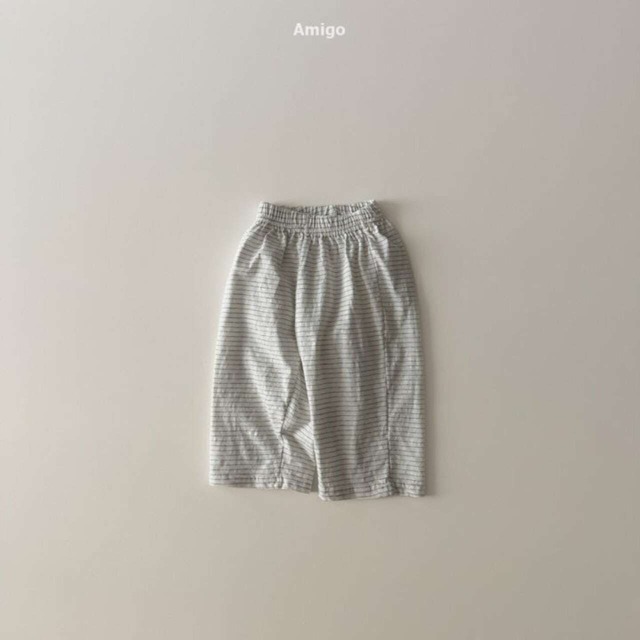 予約⌇amigo / Slavic mangara pants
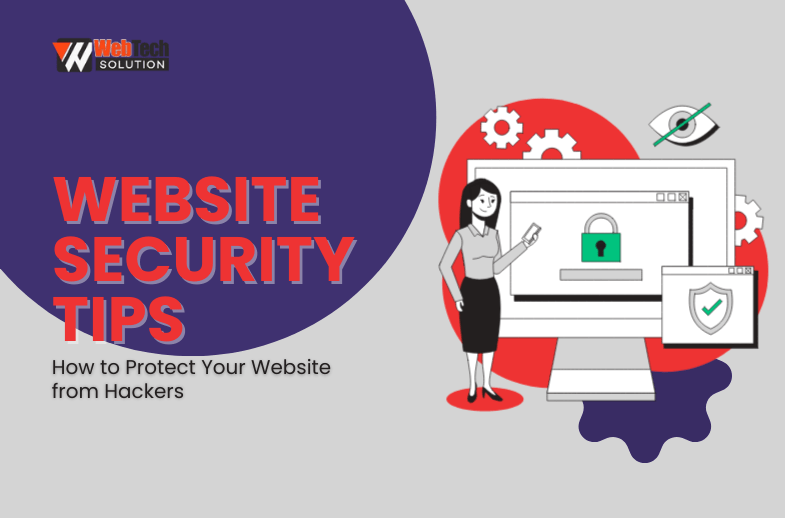 Website Security Tips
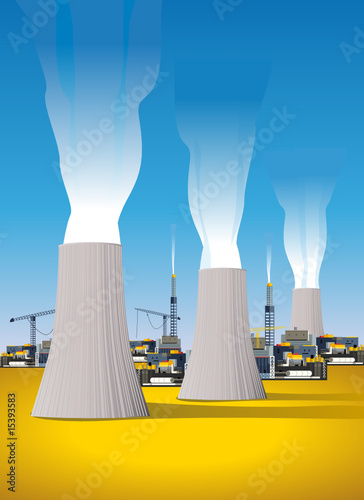 Centrale nucléaire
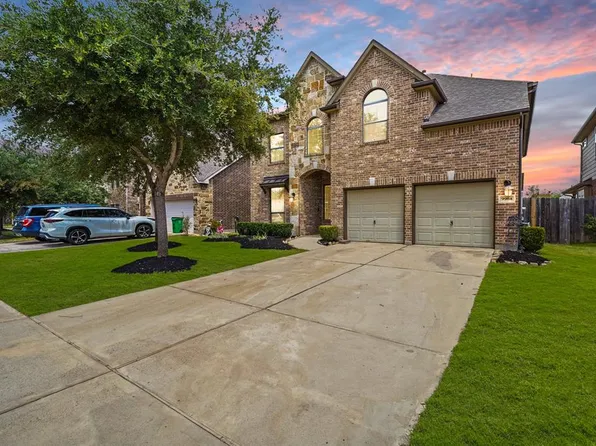 9964 Norhill Heights Lane, Brookshire, TX 77423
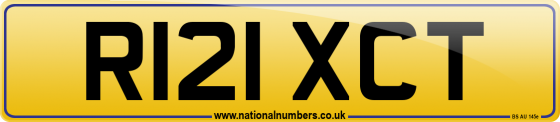 R121 XCT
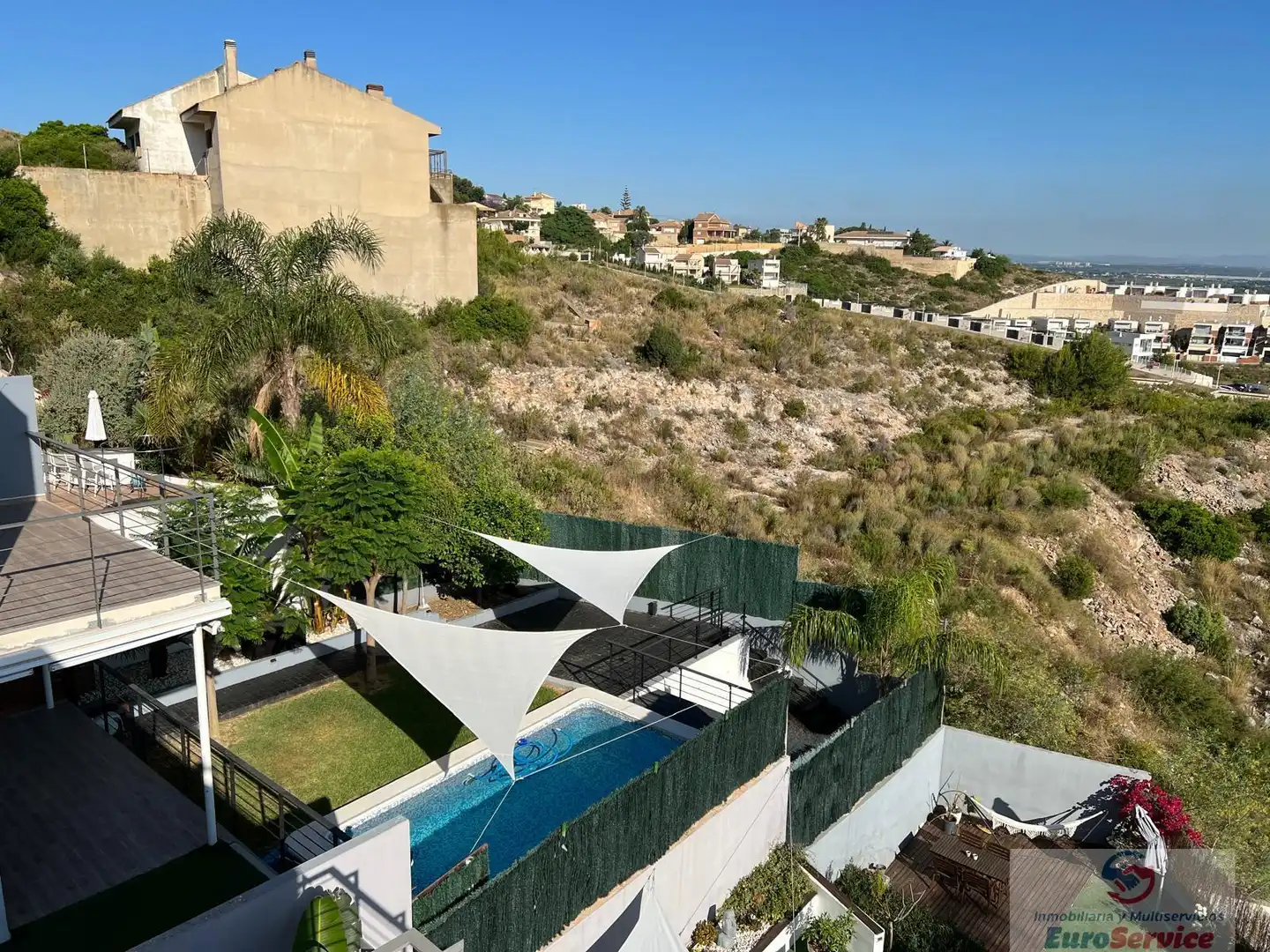 Haus oder Chalet zur Miete in Sierra Perenchiza - Cumbres de Calicanto - Sto Domingo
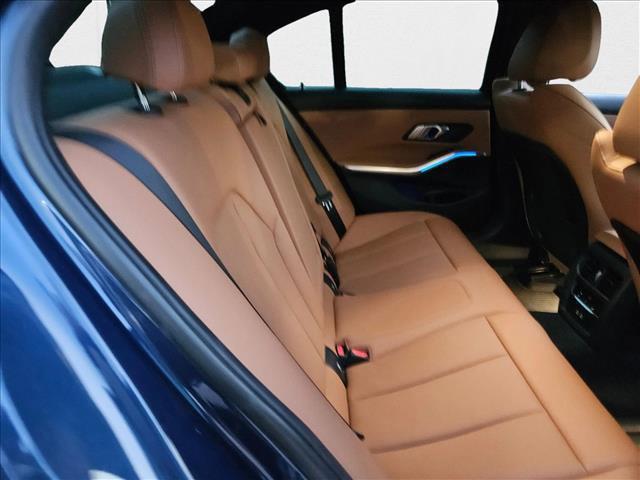 used 2022 BMW 330 car, priced at $23,164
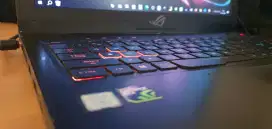 Laptop Asus ROG Strix GL503VD Second Murah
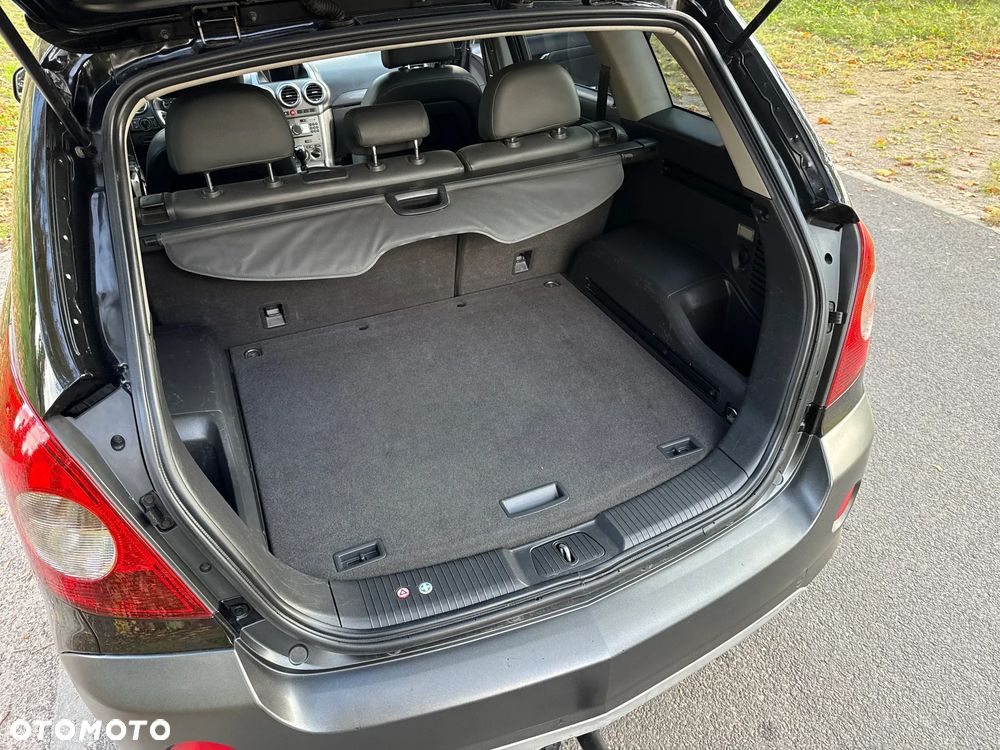 Opel Antara 2.0 CDTI Cosmo - 23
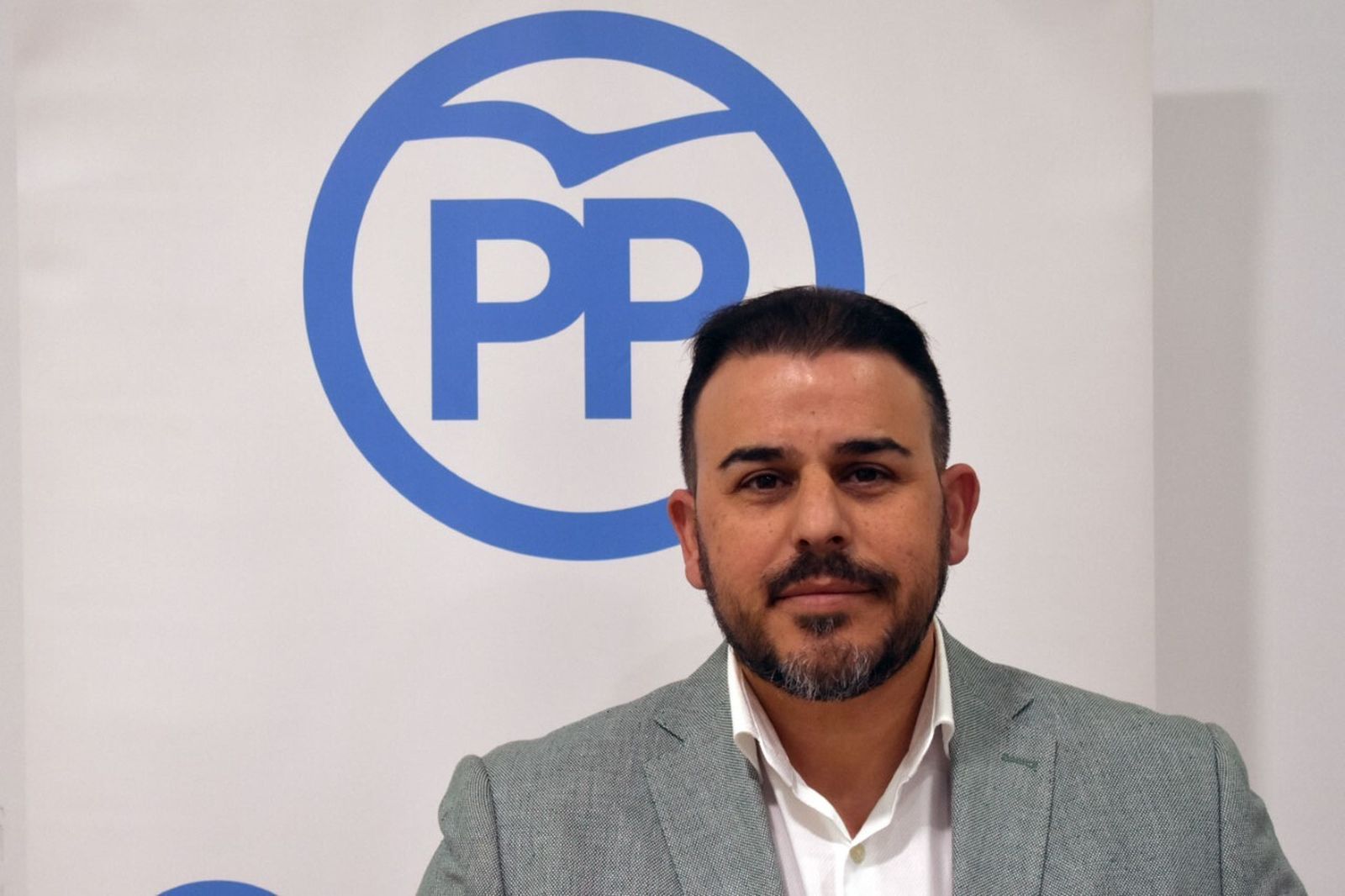 Germán Braza, concejal del PP en Chiclana.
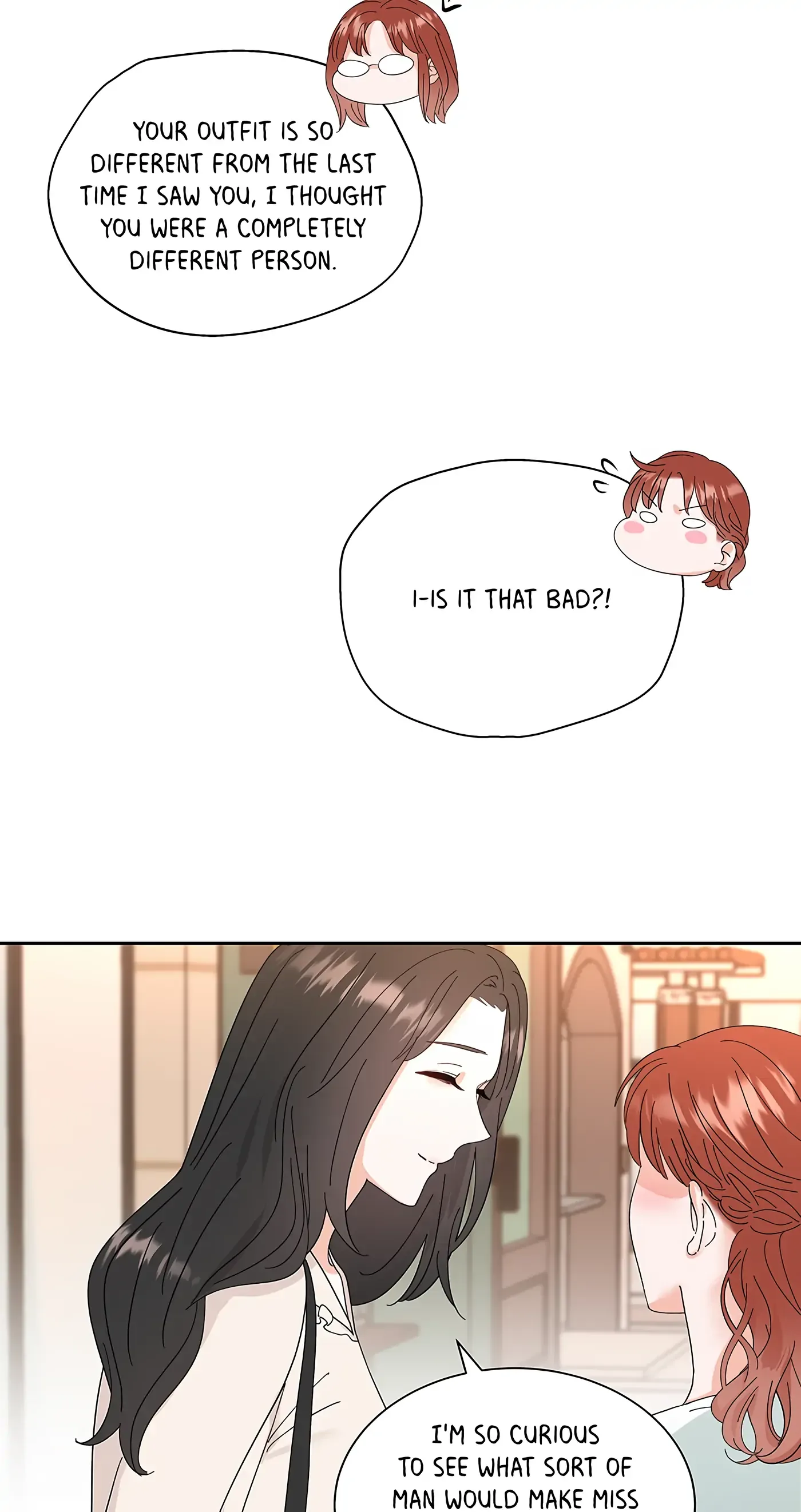 Adapted Male Lead Chapter 51 page 51
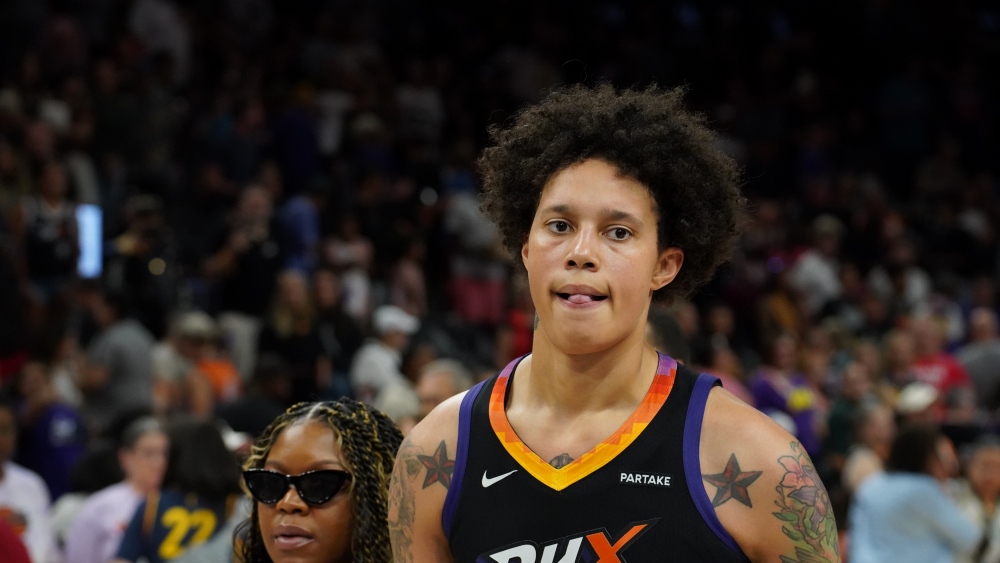 Brittney Griner led Phoenix Mercury scorers in a tough loss to A'ja Wilson and the Las Vegas Aces o...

※

About this exercise >> Give back the material word for word, leaving out its pictures.

Response area >>
 予約⌇amigo / Slavic mangara pants
 Website Security Tips
 Centrale nucléaire
 9964 Norhill Heights Lane, Brookshire, TX 77423
 R121 XCT
 Haus oder Chalet zur Miete in Sierra Perenchiza - Cumbres de Calicanto - Sto Domingo
 used 2022 BMW 330 car, priced at $23,164
 Laptop Asus ROG Strix GL503VD Second Murah
 Opel Antara 2.0 CDTI Cosmo - 23
 Germán Braza, concejal del PP en Chiclana.
 Adapted Male Lead Chapter 51 page 51
 Brittney Griner led Phoenix Mercury scorers in a tough loss to A'ja Wilson and the Las Vegas Aces o...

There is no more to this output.